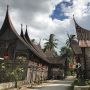Makna Filosofis di Balik Kemegahan Arsitektur Rumah Gadang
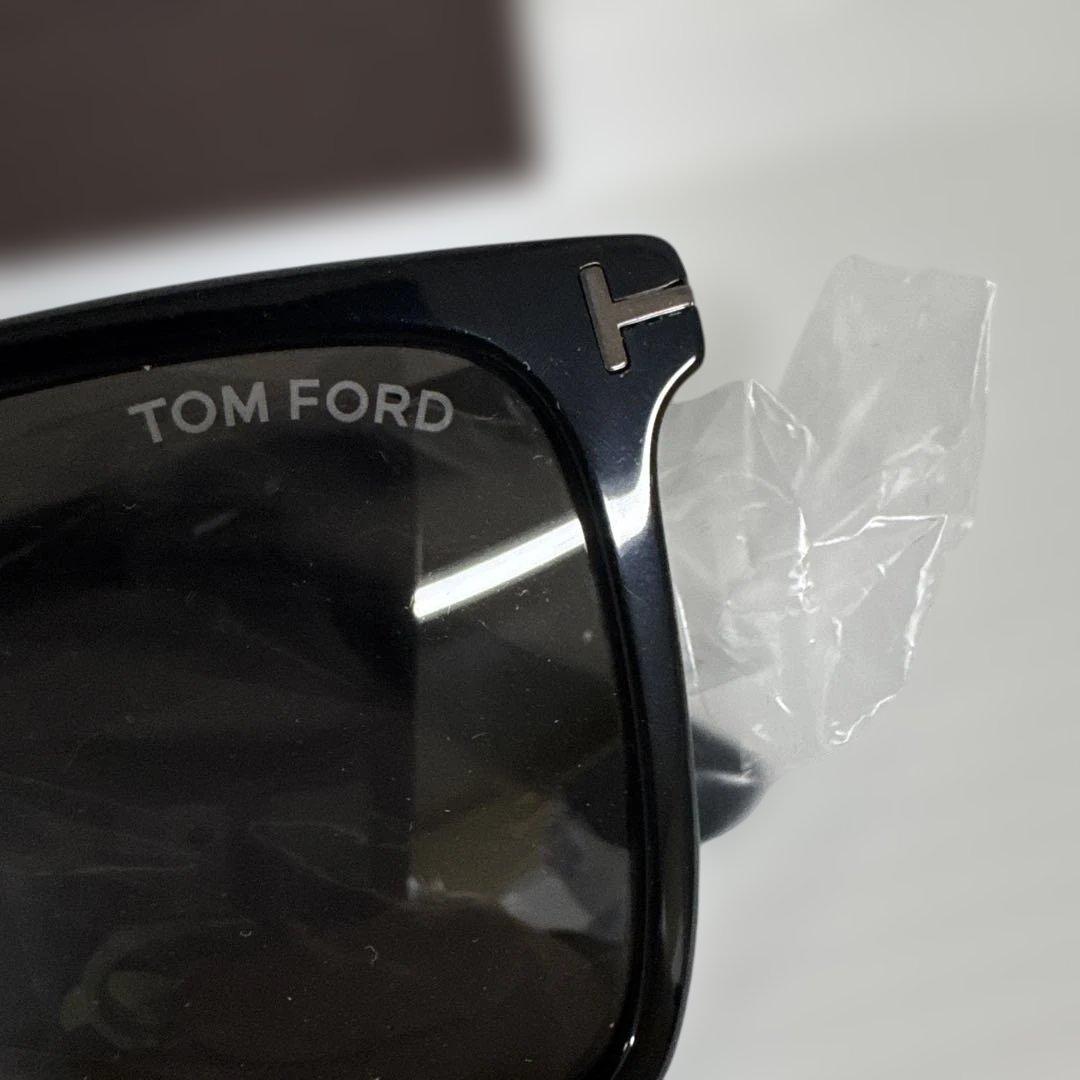 トムフォード Fletcher サングラス FT0832-N-59-01A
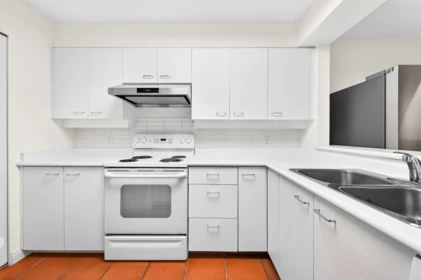 Bedroom 3 Photo of 1106 7380 Elmbridge Way, Richmond, BC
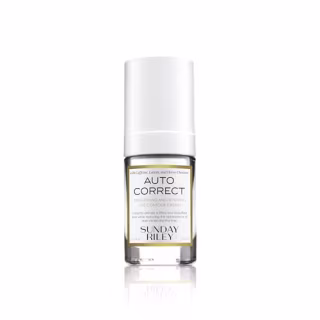 Sunday Riley Auto Correct Brightening and Depuffing Eye Contour Cream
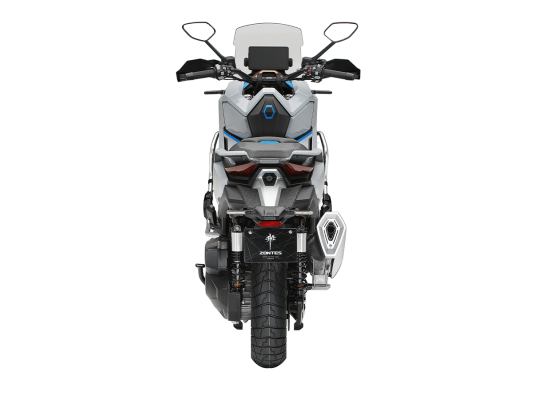 motorrika image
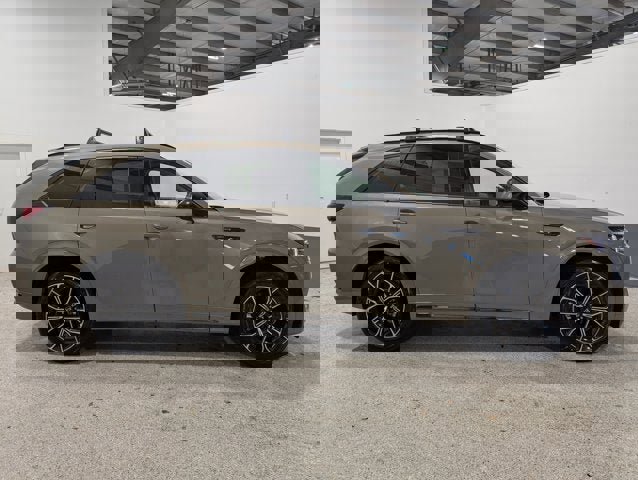 New 2025 MAZDA CX-70 3.3 Turbo S w/ Premium Plus image 2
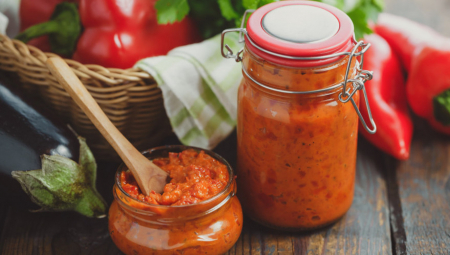 HITNO SE POVLAČI AJVAR BAKINA TAJNA SA TRŽIŠTA! Ako ga imate, odmah ga vratite u prodavnicu!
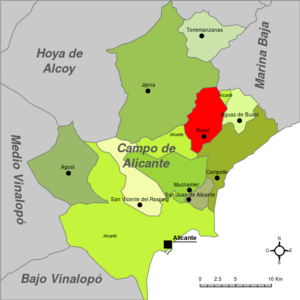 Busot-Mapa del Campo de Alicante.svg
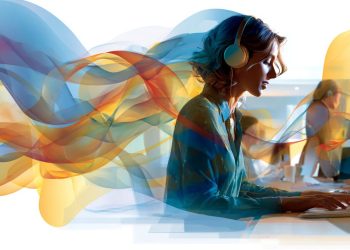 « Playlist de pouvoir » : comment les assistant(e)s utilisent la musique pour orchestrer l’ambiance du bureau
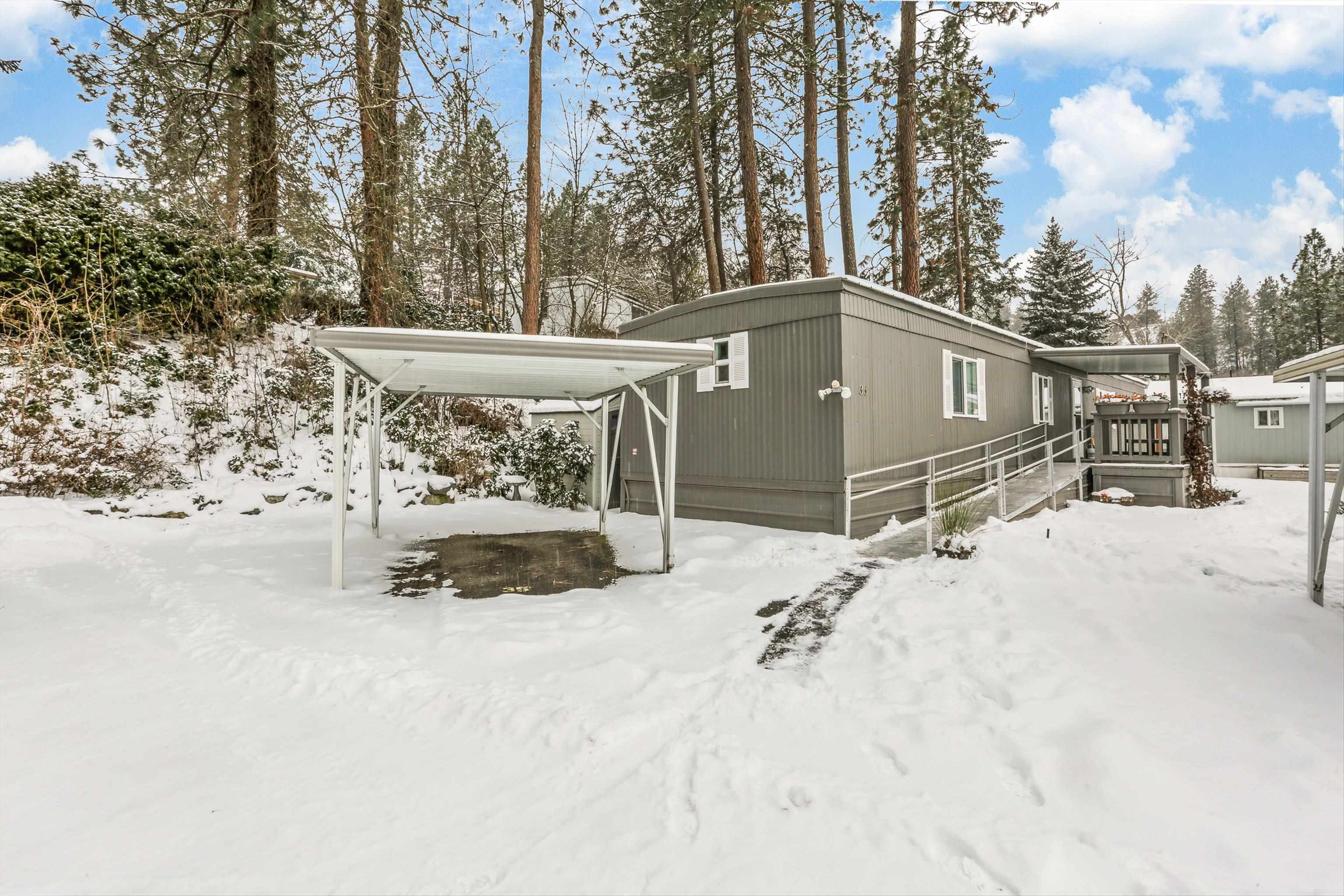 3231 West Boone Avenue, Unit 35 Spokane, WA 99201 - Photo 3 of 29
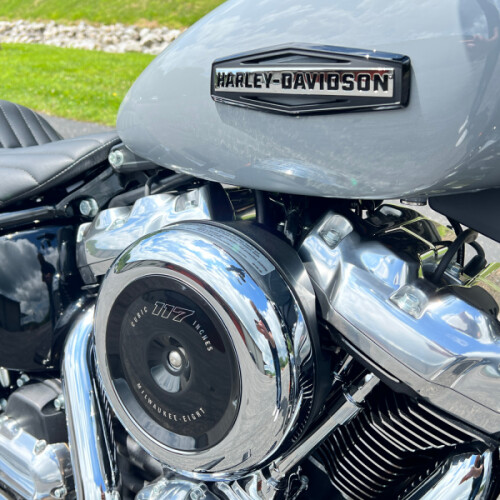 FXBB 2026 Street Bob® thumb 3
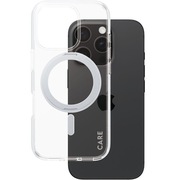 Etui CARE by PanzerGlass Feature Kickstand iPhone 16 Pro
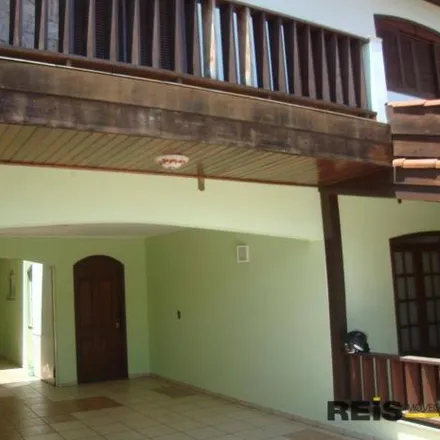 Buy this 4 bed house on Rua Camilo José Cury in Vila Ana Maria, Sorocaba - SP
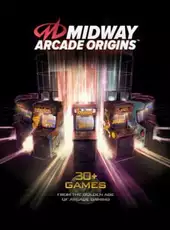 Midway Arcade Origins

◇ ◇ ◇ ◇

▶ _WHAT THE EXERCISE ASKS_
For this exercise, output only the lines from the one bearing "New 2025 MAZDA" to the end of the material above, exactly as written, with pictures left out.

▶ _RESPONSE_
 New 2025 MAZDA CX-70 3.3 Turbo S w/ Premium Plus image 2
 HITNO SE POVLAČI AJVAR BAKINA TAJNA SA TRŽIŠTA! Ako ga imate, odmah ga vratite u prodavnicu!
 Busot-Mapa del Campo de Alicante.svg
 « Playlist de pouvoir » : comment les assistant(e)s utilisent la musique pour orchestrer l’ambiance du bureau
 3231 West Boone Avenue, Unit 35 Spokane, WA 99201 - Photo 3 of 29
 FXBB 2026 Street Bob® thumb 3
 Etui CARE by PanzerGlass Feature Kickstand iPhone 16 Pro
 Buy this 4 bed house on Rua Camilo José Cury in Vila Ana Maria, Sorocaba - SP
 Midway Arcade Origins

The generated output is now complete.